Aussie retailers shun online shopping

Australians are shunning shopping online over worries about retailers’ return policies and the perceived difficulties in posting items back once they are received.

New research by consultancy firm Leading Edge has found the growth in online buying has stagnated, leaving Australia well behind the rest of the world in the uptake of retailing on the net.

It also found those consumers not already buying goods online have no intention to start anytime soon.

Some of the 1,215 consumers surveyed blamed slow Australian broadband speeds for their lack of interest in shopping online.

However, the majority cited concerns over the return policies of online retailers and logistics such as delivery charges.

Leading Edge director of retail Phil Bonanno said the shoppers’ lack of assurance to be able to return an item after receiving it and the perception of difficulty in retuning an item via the post presented barriers.

“It is perceived as more difficult to return an item and less certain to be able to do so in the first place,” he said.

“You don’t have the fabled return policies that you get in the US, where there are no questions asked.”

He said enticements were important so customers felt as though they were getting a good deal, while removing barriers of concern was equally important.

Mr Bonanno said most local websites lacked innovation, failed to engage the consumer and offered nothing new or exciting.

“Retailer sites in Australia are little more than catalogue pages on the web,” he said.

“Few sell anything online and most offer no integrated services between stores and sites.”

The survey, which included males and females aged 18-64, was conducted in early March.

It showed that even after removing some barriers for consumer acceptance, certain products would still not sell well online.

“Things like fresh produce, poultry and meats are a hard sell,” Mr Bonanno said.

Other categories that should have more robust sales were furniture, electronics and whitegoods, Mr Bonanno said.

Mr Bonanno said the players in these categories could improve their offering three-fold by selectively providing online commerce opportunities, product information and driving conversion rates of in-store purchases.

Mr Bonanno said consumers were given no reason to alter their purchasing habits and spend more online.

He said Amazon.com did a great job of helping customers find what they were looking for using good search technology while providing significant information about the products.

“Amazon also does a great amount of suggestive selling,” he said.

Suggestive selling is suggesting other products a customer may like in relation to what they are buying/investigating.

“Online is the fastest growing retail channel globally, so the opportunities for local retailers are huge,” he said.

According to the most recent population survey by the Australian Bureau of Statistics, 61 per cent of Australians shopped online during fiscal 2007.

The Leading Edge survey found the Australians who were shopping online were doing so at the popular retailers set up specifically for online shopping, such as eBay.

Four out of five Australians who purchased online use eBay, the research showed.

Mr Bonanno said the top players in online retailing were eBay, Amazon.com and Grays online.

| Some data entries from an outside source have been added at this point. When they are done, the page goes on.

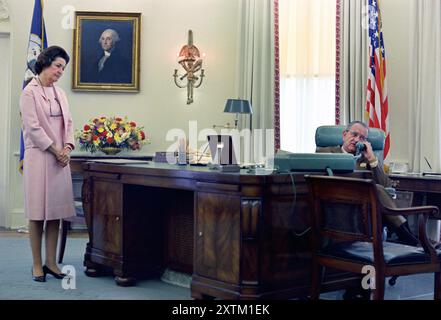 La première dame des États-Unis Claudia 'Lady Bird' Johnson regardant comme le président des États-Unis Lyndon Johnson téléphone aux Kennedys après le sénateur. Assassinat de Robert F. Kennedy, Bureau ovale, Maison Blanche, Washington, D.C. USA, Yoichi Okamoto, 6 juin 1968 Banque D'Images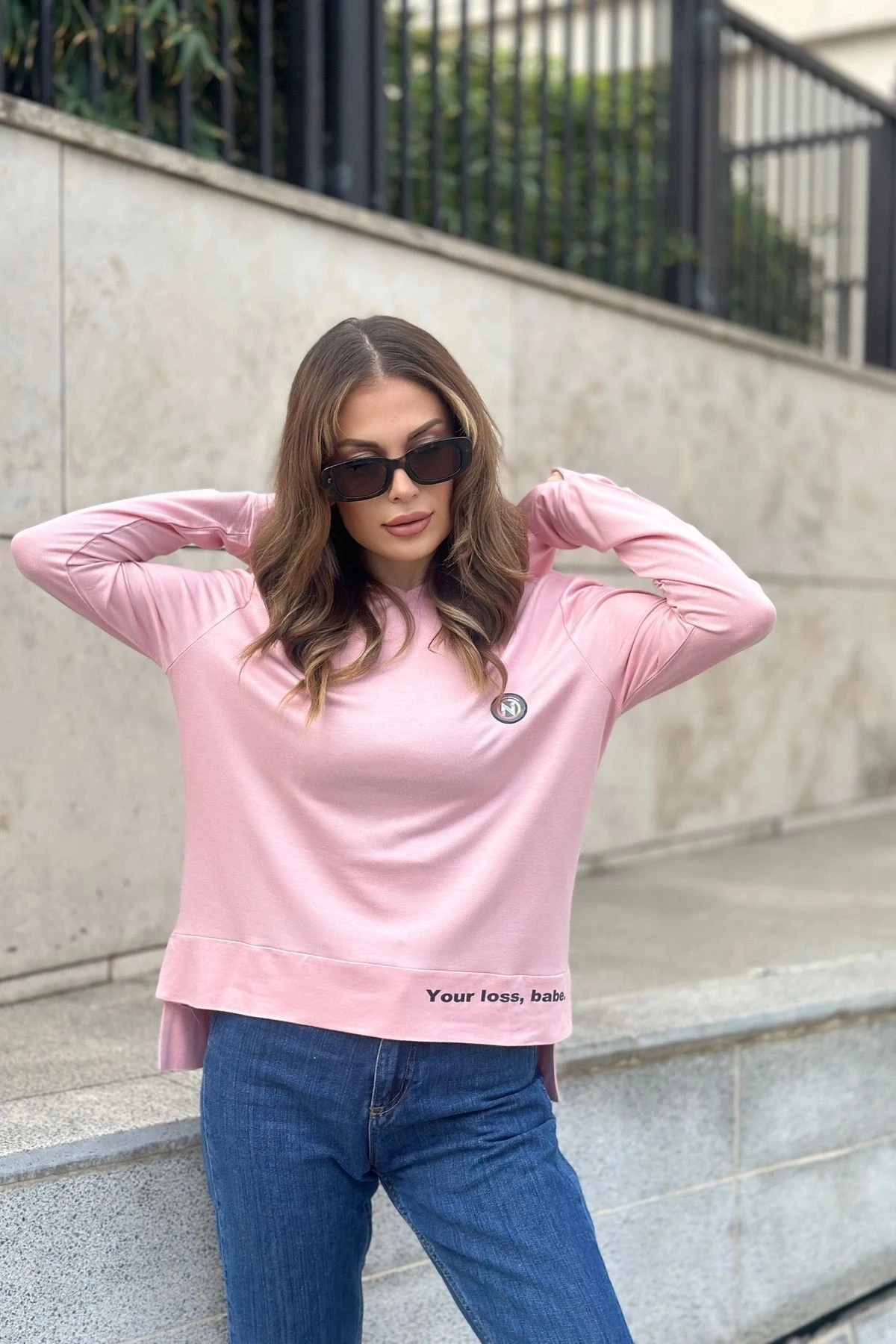 Kadın Pembe Uzun Kol, Yırtmaç Detaylı, Arma Ve Yazı Detaylı, Kapüşonlu Sweatshirt Bluz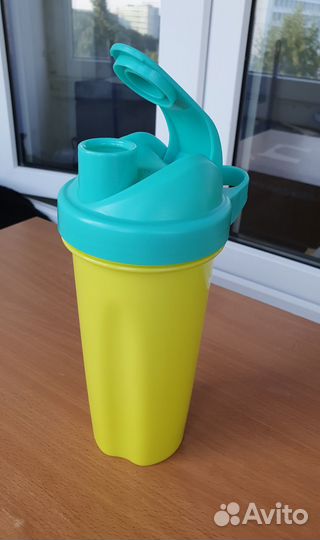 Шейкер спортивный и таблетница (новые)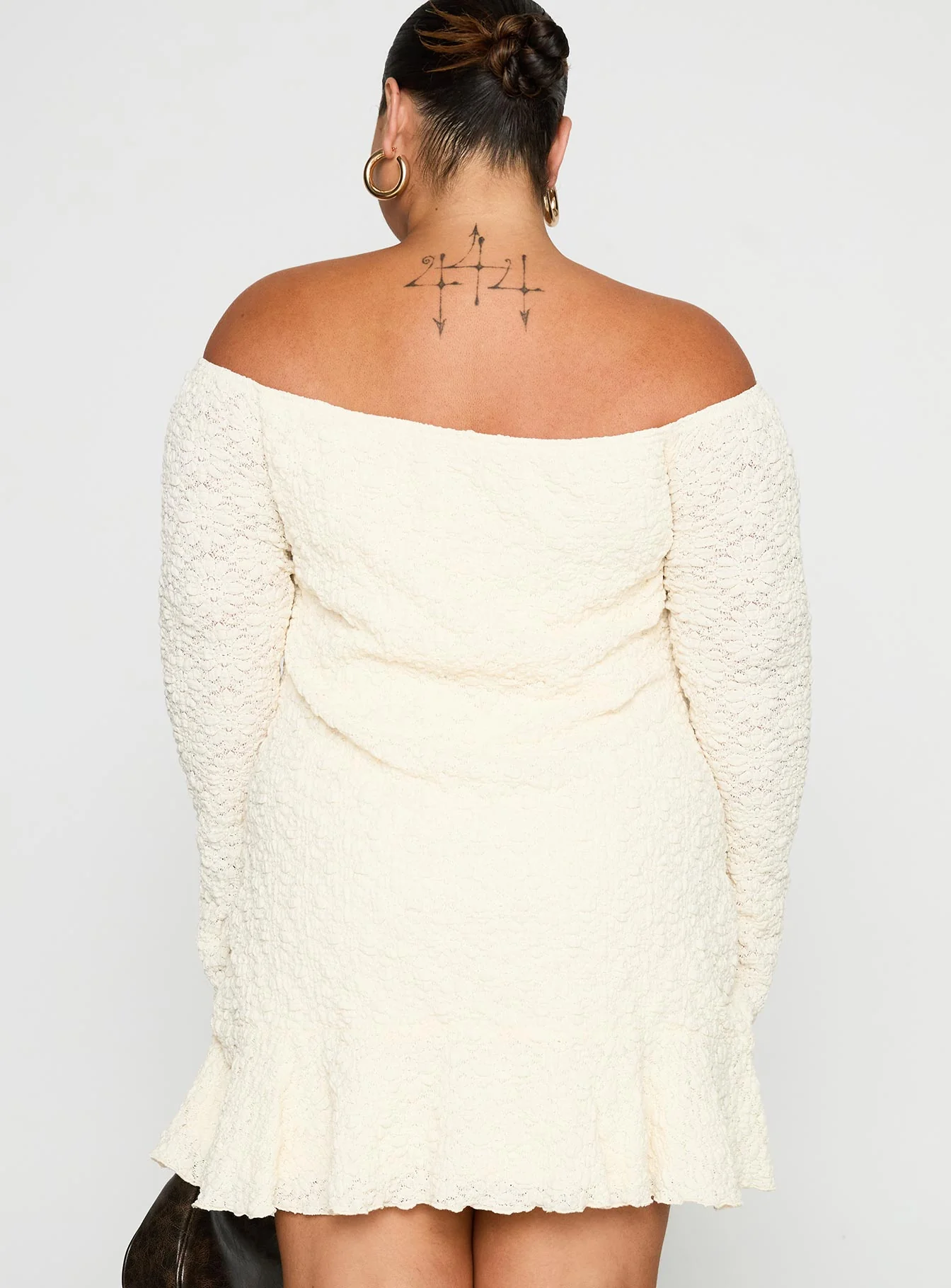 Vancesca Off Shoulder Long Sleeve Mini Dress Curve - Image 5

Traditional overseas retailers such as the UK’s Tesco, the US’ Best Buy, Wal-Mart and warehouse retailer Costco Wholesale are leading the way, with online sales each exceeding $US1 billion ($A1.1 billion) annually for fiscal 2007, according to company reports and analyst notes.

Mr Bonanno said these retailers had perfected the online off-line integration where customers could buy online and pick up or return in store.

Tesco’s US arm Fresh and Easy has a blog where it communicates with shoppers.

Mr Bonanno said this interaction was important as it gave the retailer direct access to how the consumer felt and helped position the retailer as a group of people, rather than just a business.